Thus far, we’ve introduced a variety of AI forms that learn to complete highly complex, specialized tasks. Some researchers speculate that a single AI technology may one day demonstrate all intellectual processes exhibited by humans. Known as general AI, this form of technology would ultimately provide a machine with a consciousness that mirrors those found within humans. The possibility of a superhuman AI is widely debated across disciplines. Futurist Kevin Kelly doubts that creating a general AI is possible. Recognizing human intelligence as a multifaceted trait, Kelly argues that our current forms of AI are not actually smarter than us, but instead just different than us (2017). There are certainly qualitative differences between human and artificial intelligences today, but future researchers could blur the lines between the two.

Another future direction for AI concerns the issue of biases in decision making. Even without a consciousness to fuel misleading gut-based decisions, AI is far from perfect. Researchers must recognize that their human biases influence the effectiveness of the AI technologies they create (Knight, 2017). Indeed, some have even coined the phrase “racist robots” to describe AIs that fall victim to biased forms of reasoning (Buranyi, 2017). One famous example is the Microsoft chatbot named Tay that created anti-Semitic messages it learned from analyzing data on Twitter (Buranyi, 2017). This is not surprising, as AI learns from human data. As long as racism and bias exists in society, AI will learn from it and unintentionally reproduce similar prejudices.
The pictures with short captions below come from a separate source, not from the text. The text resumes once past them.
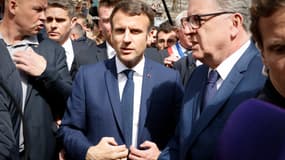 Emmanuel Macron et Richard Ferrand à Spezet, dans le Finistère, le 5 avril 2022.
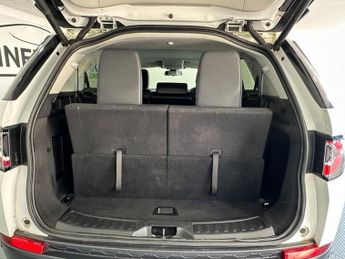 LAND ROVER DISCOVERY SPORT 2.0 TD4 SE Tech SUV 5dr Diesel Auto 4WD Euro 6 (s/s) (180 ps)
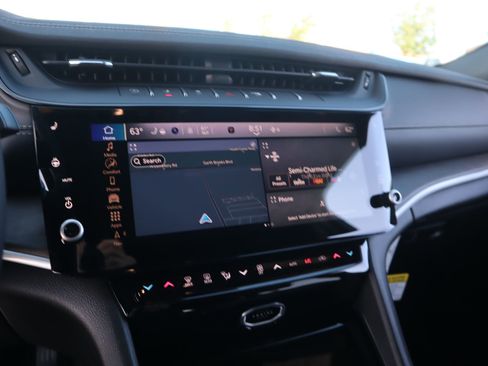 New 2026 Jeep Grand Cherokee Altitude AWD/4WD image 6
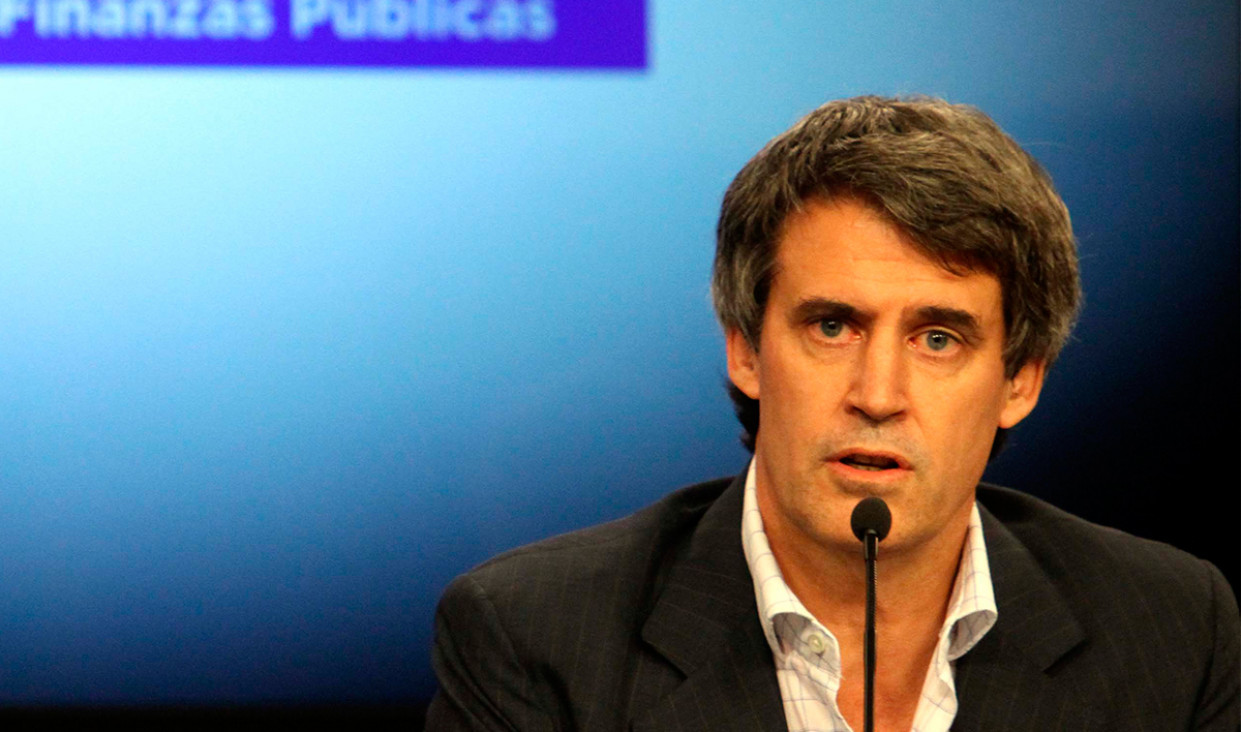 imagen El Gobierno proyecta ahorrar hasta u$s 8000 millones al pagarle en efectivo a los holdouts
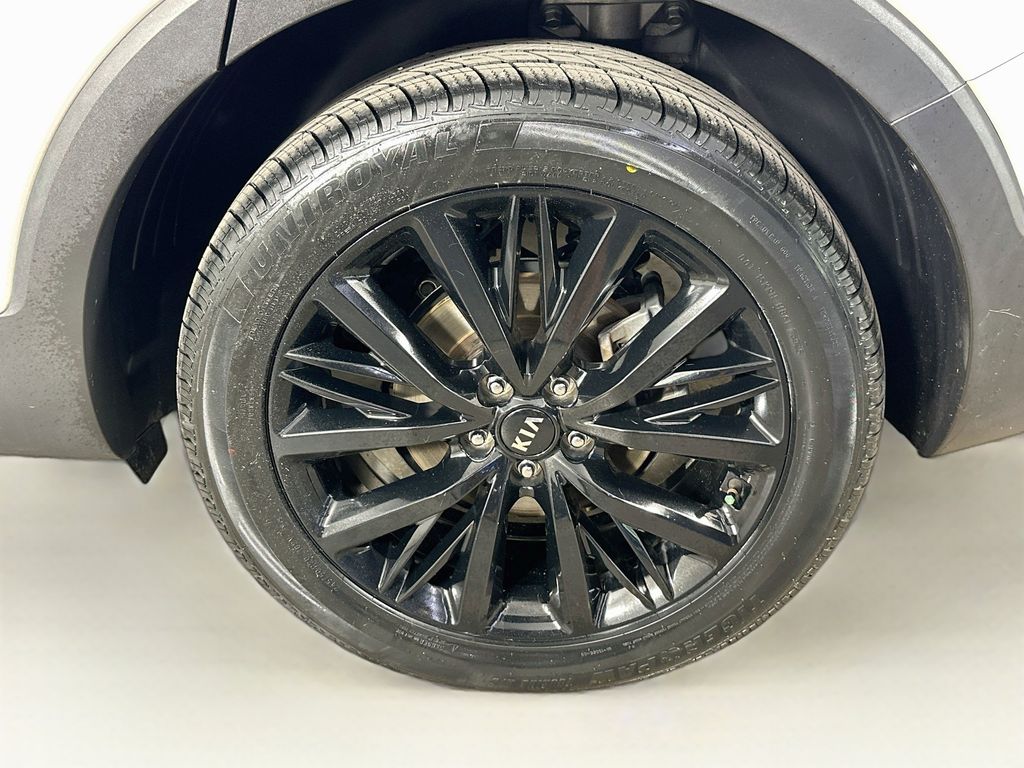 Thumbnail: 2021 Kia Telluride - 8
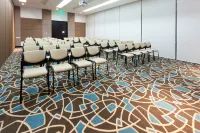 Holiday Inn Express & Suites BOGOTA DC by IHG - parking
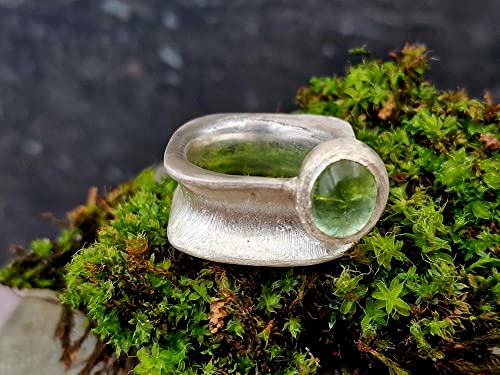 LeoLars-PABE Grüner Turmalin Design Ring, Gr.50-51, aus 924er Silber, gleichmäßig eismattiert, konkav, Unikat, Handarbeit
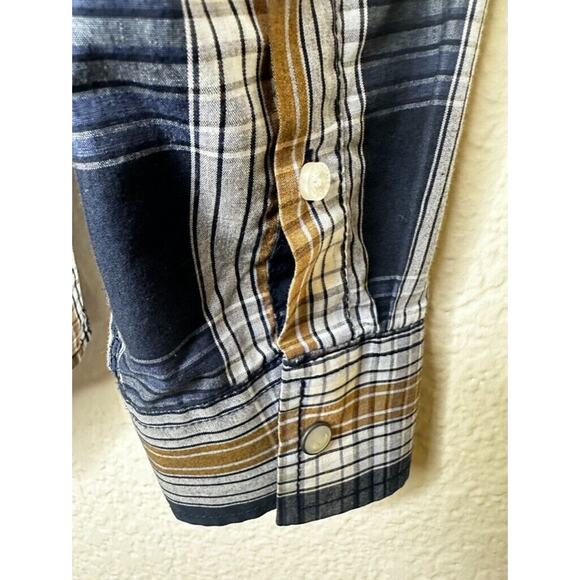 American Rag Womens Small Blue Flannel Longsleeve Button Down Shirt White Pocket - Picture 8 of 10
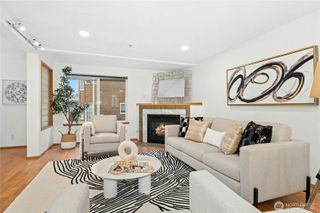 726 N 94th Street #B, Seattle, WA 98103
Future AIs must operate from powerful algorithms capable of overcoming such prejudices in order to reason in a truly rational fashion.  

What Are I-Os Doing With AI?

AI was a popular topic at the 2018 SIOP Annual Conference, with a number of presentations dedicated to discussing the developments of “smart” technologies in various I-O psychology subfields. One symposium focused on AI in psychometrics, demonstrating that the technology can be used to improve the psychological fidelity and practical utility of assessments (Barney et al., 2018). Another presentation took an interdisciplinary approach of AI, combining the experiences of consultants, a data scientist, and a lawyer to provide insights on the influence of AI in personnel selection (Hense, et al., 2018). Yet another presentation focused on the use of algorithms for identifying collaborators and building effective teams (Twyman, Newman, DeChurch, & Contractor, 2018). Today’s I-O psychologists clearly recognize that AI has implications for almost every organizational function. Indeed, AI ranked fourth on SIOP’s Top 10 Workplace Trends list for this year, a sign that current I-Os are actively engaged in AI research (2018).

What Should I-Os Do Next?

While exploring the crossroads of AI and I-O, future I-O psychologists have two primary responsibilities: to learn and to educate. The rise of AI in decision-making will undoubtedly support a "partnership between humans and machines," as HealthTap CEO Ron Gutman recently stated at a panel discussion at the World Economic Forum. Moving forward, I-O psychologists must continue to learn about AI, focusing on this partnership and its limitations: How can I-O deal with bias from robots, and how can they study jobs that have not yet been created? Questions such as these should guide future I-Os as they study AI.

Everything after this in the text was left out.